Interviewing in Tennessee, I stepped forward to the security desk occupied by an older black man in full security regalia, I first noticed his hands; knotted into an unnatural position. I couldn’t help but remember I was in the south and though the year was 2019, our living civil rights history was still present in faces we meet everyday. Scanning his gently lined face only his hands told me he was past retirement age.
On the surface that means nothing. Maybe he likes to stay busy…maybe…but you can’t really look at our elders, especially black men, and not see your people, a piece of your living history. The collective stories of exhaustion, burst bubbles yet resiliency.

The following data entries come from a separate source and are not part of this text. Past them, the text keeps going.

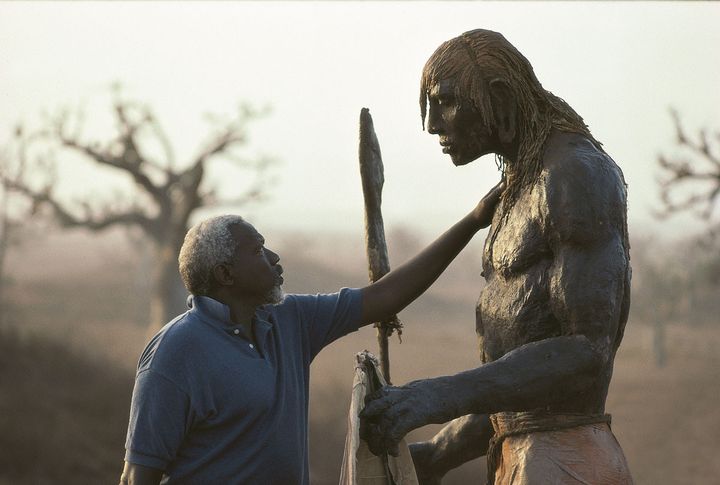 Ousmane Sow et un de ses guerriers
 (Béatrice Soulé / Roger Violet / ADAGP )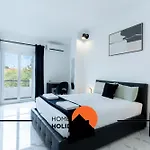 #266 Luxury Jacuzzy & Premium Vila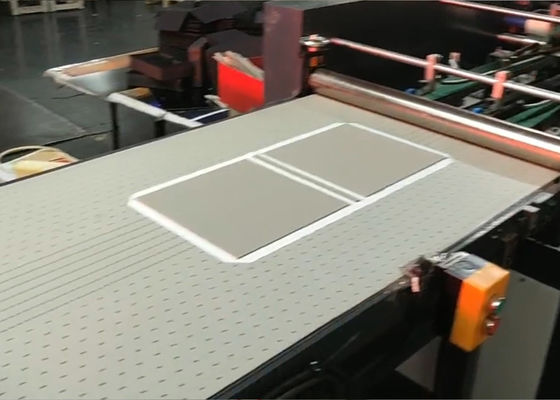 Caso automático da placa do jogo que faz a máquina da fabricação da tampa do móbil da máquina para trás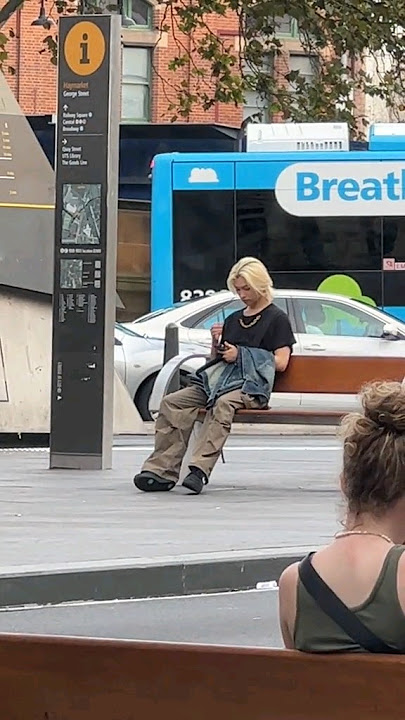 IS THAT FELIX WITHOUT ANY BODYGUARDS ⁉️😳 #felix #straykids #skz #felixskz #australia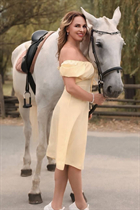 Belle mariée ukrainienne oksana de dnepr avec Brunette cheveux, âge 47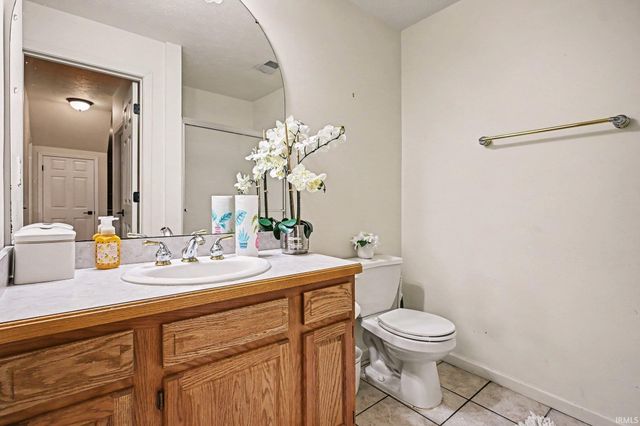 2166 Willow Creek Drive, Mishawaka, IN 46545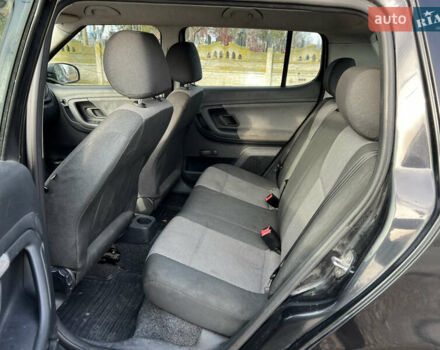 Черный Шкода Фабия, объемом двигателя 1.2 л и пробегом 272 тыс. км за 4200 $, фото 9 на Automoto.ua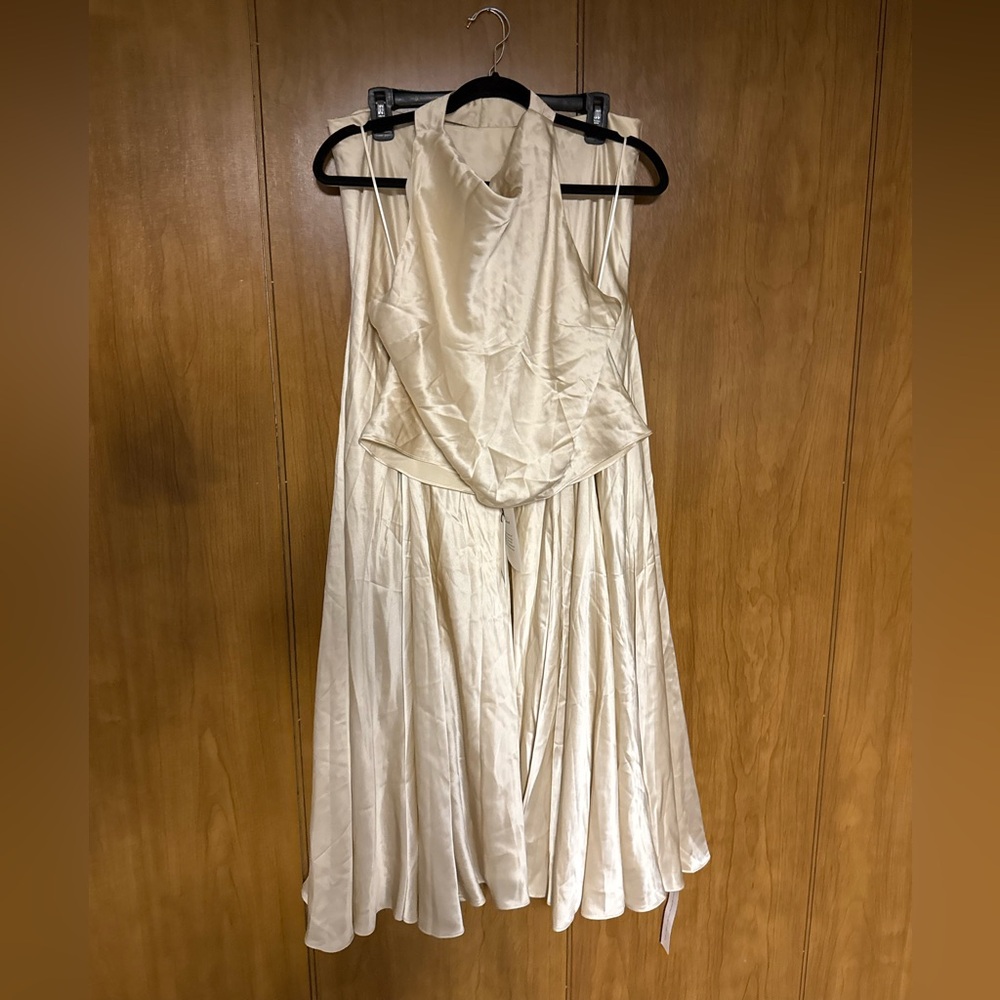NWT Reformation Sera Silk Two Piece - Picture 5 of 11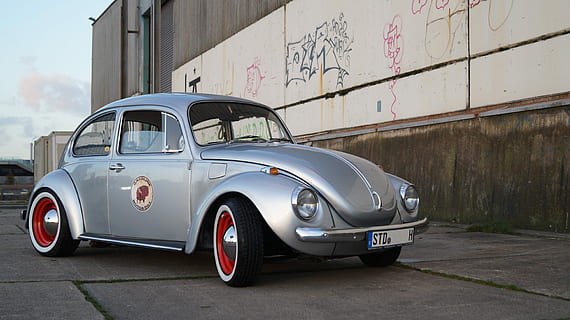 vw käfer 1302, -, port, Hamburg, aparcat, gris, escarabat volkswagen, paviment, cotxe, vw, escarabat, vell, vintage, manera de transport, automòbil, transport, arquitectura, vehicle terrestre, ciutat, dia, graffiti, carrer, cap gent, cotxe d'època, exterior de l'edifici, estil retro, estructura construïda, funció de construcció de parets, cotxe esportiu, a l'aire lliure, estacionari, 5K, CC0, domini públic, lliure de regalies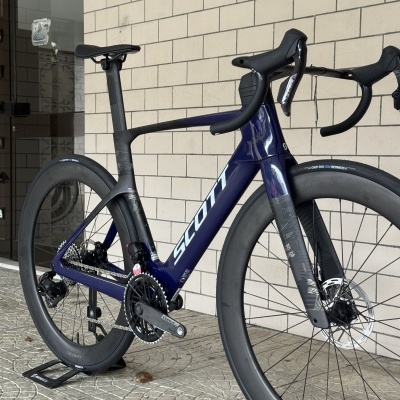Bicicleta de estrada SCOTT azul e preta com componentes em carbono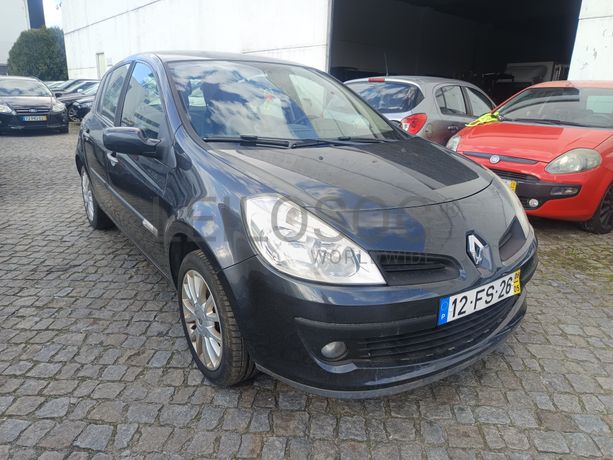 Renault Clio · Ano 2008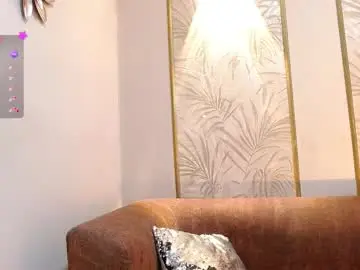 Ariannaajames  live sex cam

He greeted me warmly, asked my name and dispensed instructions. But when I told him WHO I was meeting he raised himself slowly from his chair, you could tell this movement was rare during his day. His warmth turned familial and he wrote my name on a visitors tag bringing it around the security desk. Even though I felt I should be bringing him what he needed, I took this gesture as recognition and protection. Sometimes traditions are so buried in our fiber we do without knowing. But my heart knew.
Whether we admit it or not there is a pyramid of power that begins on the backs of our elders and there’s something about the respect in old black peoples eyes when they see you at a impactful levels; in places not originally made for us. Pride is there if you take the moment to pay attention. And they’re not angry with us for entering spaces once forbidden to them, they’re angry at us for forgetting these spaces weren’t always ours.
He then held my hand for a few seconds and wished me luck; lifting me up. After my interview I returned to thank him for the welcome. I gave him my hand and while he didn’t stand this time, I could see all of the pride in his face and even if I never returned to that place, we saw each other and it was all good.